WORK TO COMPLETE: Only an exact, complete copy of the listing will serve as the answer.

SOURCE RECORDS:
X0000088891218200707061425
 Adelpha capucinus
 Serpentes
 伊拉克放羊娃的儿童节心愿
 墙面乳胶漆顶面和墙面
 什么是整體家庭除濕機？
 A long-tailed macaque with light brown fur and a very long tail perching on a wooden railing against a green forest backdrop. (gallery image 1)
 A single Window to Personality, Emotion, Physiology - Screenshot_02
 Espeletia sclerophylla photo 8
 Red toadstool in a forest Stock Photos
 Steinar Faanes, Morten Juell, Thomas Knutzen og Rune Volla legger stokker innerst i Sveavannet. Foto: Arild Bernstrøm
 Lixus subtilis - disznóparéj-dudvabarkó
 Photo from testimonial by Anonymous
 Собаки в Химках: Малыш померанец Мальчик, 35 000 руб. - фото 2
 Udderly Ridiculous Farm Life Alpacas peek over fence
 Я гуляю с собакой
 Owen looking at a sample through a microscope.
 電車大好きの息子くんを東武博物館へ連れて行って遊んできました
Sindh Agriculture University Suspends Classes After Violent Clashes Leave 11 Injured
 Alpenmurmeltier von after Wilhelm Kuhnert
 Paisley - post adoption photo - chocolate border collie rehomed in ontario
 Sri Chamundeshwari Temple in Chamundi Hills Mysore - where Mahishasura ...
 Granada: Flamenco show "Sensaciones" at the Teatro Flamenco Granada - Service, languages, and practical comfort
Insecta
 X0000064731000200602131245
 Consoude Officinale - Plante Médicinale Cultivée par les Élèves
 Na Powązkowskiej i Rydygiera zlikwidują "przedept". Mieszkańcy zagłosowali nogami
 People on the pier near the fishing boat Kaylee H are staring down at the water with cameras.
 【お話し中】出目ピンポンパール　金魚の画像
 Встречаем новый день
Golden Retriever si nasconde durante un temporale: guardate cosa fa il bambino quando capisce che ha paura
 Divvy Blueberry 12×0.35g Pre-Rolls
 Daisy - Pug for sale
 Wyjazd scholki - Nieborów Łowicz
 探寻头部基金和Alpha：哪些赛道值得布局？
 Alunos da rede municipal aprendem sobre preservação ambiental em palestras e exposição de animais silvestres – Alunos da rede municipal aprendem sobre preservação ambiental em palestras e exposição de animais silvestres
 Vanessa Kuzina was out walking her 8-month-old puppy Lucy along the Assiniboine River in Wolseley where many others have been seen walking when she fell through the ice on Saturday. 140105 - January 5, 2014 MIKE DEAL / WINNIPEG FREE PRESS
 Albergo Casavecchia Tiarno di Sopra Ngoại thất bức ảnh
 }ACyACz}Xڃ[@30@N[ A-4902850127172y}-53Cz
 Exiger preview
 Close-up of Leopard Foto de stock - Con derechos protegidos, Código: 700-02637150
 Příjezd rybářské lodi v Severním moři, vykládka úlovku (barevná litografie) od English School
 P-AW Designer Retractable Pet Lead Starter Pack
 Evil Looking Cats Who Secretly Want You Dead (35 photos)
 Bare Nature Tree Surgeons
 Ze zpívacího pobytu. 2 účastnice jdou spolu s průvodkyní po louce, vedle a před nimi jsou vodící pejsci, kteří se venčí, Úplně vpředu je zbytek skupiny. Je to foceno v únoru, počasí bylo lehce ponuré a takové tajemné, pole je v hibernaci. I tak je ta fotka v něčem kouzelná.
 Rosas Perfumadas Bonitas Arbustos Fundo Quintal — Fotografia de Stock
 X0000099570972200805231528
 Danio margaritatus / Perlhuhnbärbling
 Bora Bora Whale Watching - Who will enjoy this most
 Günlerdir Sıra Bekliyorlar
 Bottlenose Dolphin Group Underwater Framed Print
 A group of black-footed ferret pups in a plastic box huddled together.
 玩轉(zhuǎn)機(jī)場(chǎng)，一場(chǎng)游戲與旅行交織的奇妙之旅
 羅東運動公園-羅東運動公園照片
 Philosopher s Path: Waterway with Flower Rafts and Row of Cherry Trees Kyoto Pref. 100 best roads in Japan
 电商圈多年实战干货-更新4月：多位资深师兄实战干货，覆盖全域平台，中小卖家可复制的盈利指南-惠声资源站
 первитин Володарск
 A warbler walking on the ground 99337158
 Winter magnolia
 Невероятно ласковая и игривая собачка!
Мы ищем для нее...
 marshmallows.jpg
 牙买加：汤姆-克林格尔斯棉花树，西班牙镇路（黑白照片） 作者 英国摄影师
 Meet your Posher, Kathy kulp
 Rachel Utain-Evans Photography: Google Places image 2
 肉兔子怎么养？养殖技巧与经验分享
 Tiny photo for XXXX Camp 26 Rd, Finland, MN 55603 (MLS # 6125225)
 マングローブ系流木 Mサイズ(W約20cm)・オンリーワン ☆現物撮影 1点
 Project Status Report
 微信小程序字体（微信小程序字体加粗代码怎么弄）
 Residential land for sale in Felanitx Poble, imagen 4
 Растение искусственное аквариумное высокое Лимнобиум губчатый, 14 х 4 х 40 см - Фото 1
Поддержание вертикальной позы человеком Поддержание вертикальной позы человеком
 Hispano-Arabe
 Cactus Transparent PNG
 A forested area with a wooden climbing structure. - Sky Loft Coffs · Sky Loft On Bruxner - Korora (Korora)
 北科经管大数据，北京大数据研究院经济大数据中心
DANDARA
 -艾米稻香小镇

ANSWER BOX:
X0000088891218200707061425
 Adelpha capucinus
 Serpentes
 伊拉克放羊娃的儿童节心愿
 墙面乳胶漆顶面和墙面
 什么是整體家庭除濕機？
 A long-tailed macaque with light brown fur and a very long tail perching on a wooden railing against a green forest backdrop. (gallery image 1)
 A single Window to Personality, Emotion, Physiology - Screenshot_02
 Espeletia sclerophylla photo 8
 Red toadstool in a forest Stock Photos
 Steinar Faanes, Morten Juell, Thomas Knutzen og Rune Volla legger stokker innerst i Sveavannet. Foto: Arild Bernstrøm
 Lixus subtilis - disznóparéj-dudvabarkó
 Photo from testimonial by Anonymous
 Собаки в Химках: Малыш померанец Мальчик, 35 000 руб. - фото 2
 Udderly Ridiculous Farm Life Alpacas peek over fence
 Я гуляю с собакой
 Owen looking at a sample through a microscope.
 電車大好きの息子くんを東武博物館へ連れて行って遊んできました
Sindh Agriculture University Suspends Classes After Violent Clashes Leave 11 Injured
 Alpenmurmeltier von after Wilhelm Kuhnert
 Paisley - post adoption photo - chocolate border collie rehomed in ontario
 Sri Chamundeshwari Temple in Chamundi Hills Mysore - where Mahishasura ...
 Granada: Flamenco show "Sensaciones" at the Teatro Flamenco Granada - Service, languages, and practical comfort
Insecta
 X0000064731000200602131245
 Consoude Officinale - Plante Médicinale Cultivée par les Élèves
 Na Powązkowskiej i Rydygiera zlikwidują "przedept". Mieszkańcy zagłosowali nogami
 People on the pier near the fishing boat Kaylee H are staring down at the water with cameras.
 【お話し中】出目ピンポンパール　金魚の画像
 Встречаем новый день
Golden Retriever si nasconde durante un temporale: guardate cosa fa il bambino quando capisce che ha paura
 Divvy Blueberry 12×0.35g Pre-Rolls
 Daisy - Pug for sale
 Wyjazd scholki - Nieborów Łowicz
 探寻头部基金和Alpha：哪些赛道值得布局？
 Alunos da rede municipal aprendem sobre preservação ambiental em palestras e exposição de animais silvestres – Alunos da rede municipal aprendem sobre preservação ambiental em palestras e exposição de animais silvestres
 Vanessa Kuzina was out walking her 8-month-old puppy Lucy along the Assiniboine River in Wolseley where many others have been seen walking when she fell through the ice on Saturday. 140105 - January 5, 2014 MIKE DEAL / WINNIPEG FREE PRESS
 Albergo Casavecchia Tiarno di Sopra Ngoại thất bức ảnh
 }ACyACz}Xڃ[@30@N[ A-4902850127172y}-53Cz
 Exiger preview
 Close-up of Leopard Foto de stock - Con derechos protegidos, Código: 700-02637150
 Příjezd rybářské lodi v Severním moři, vykládka úlovku (barevná litografie) od English School
 P-AW Designer Retractable Pet Lead Starter Pack
 Evil Looking Cats Who Secretly Want You Dead (35 photos)
 Bare Nature Tree Surgeons
 Ze zpívacího pobytu. 2 účastnice jdou spolu s průvodkyní po louce, vedle a před nimi jsou vodící pejsci, kteří se venčí, Úplně vpředu je zbytek skupiny. Je to foceno v únoru, počasí bylo lehce ponuré a takové tajemné, pole je v hibernaci. I tak je ta fotka v něčem kouzelná.
 Rosas Perfumadas Bonitas Arbustos Fundo Quintal — Fotografia de Stock
 X0000099570972200805231528
 Danio margaritatus / Perlhuhnbärbling
 Bora Bora Whale Watching - Who will enjoy this most
 Günlerdir Sıra Bekliyorlar
 Bottlenose Dolphin Group Underwater Framed Print
 A group of black-footed ferret pups in a plastic box huddled together.
 玩轉(zhuǎn)機(jī)場(chǎng)，一場(chǎng)游戲與旅行交織的奇妙之旅
 羅東運動公園-羅東運動公園照片
 Philosopher s Path: Waterway with Flower Rafts and Row of Cherry Trees Kyoto Pref. 100 best roads in Japan
 电商圈多年实战干货-更新4月：多位资深师兄实战干货，覆盖全域平台，中小卖家可复制的盈利指南-惠声资源站
 первитин Володарск
 A warbler walking on the ground 99337158
 Winter magnolia
 Невероятно ласковая и игривая собачка!
Мы ищем для нее...
 marshmallows.jpg
 牙买加：汤姆-克林格尔斯棉花树，西班牙镇路（黑白照片） 作者 英国摄影师
 Meet your Posher, Kathy kulp
 Rachel Utain-Evans Photography: Google Places image 2
 肉兔子怎么养？养殖技巧与经验分享
 Tiny photo for XXXX Camp 26 Rd, Finland, MN 55603 (MLS # 6125225)
 マングローブ系流木 Mサイズ(W約20cm)・オンリーワン ☆現物撮影 1点
 Project Status Report
 微信小程序字体（微信小程序字体加粗代码怎么弄）
 Residential land for sale in Felanitx Poble, imagen 4
 Растение искусственное аквариумное высокое Лимнобиум губчатый, 14 х 4 х 40 см - Фото 1
Поддержание вертикальной позы человеком Поддержание вертикальной позы человеком
 Hispano-Arabe
 Cactus Transparent PNG
 A forested area with a wooden climbing structure. - Sky Loft Coffs · Sky Loft On Bruxner - Korora (Korora)
 北科经管大数据，北京大数据研究院经济大数据中心
DANDARA
 -艾米稻香小镇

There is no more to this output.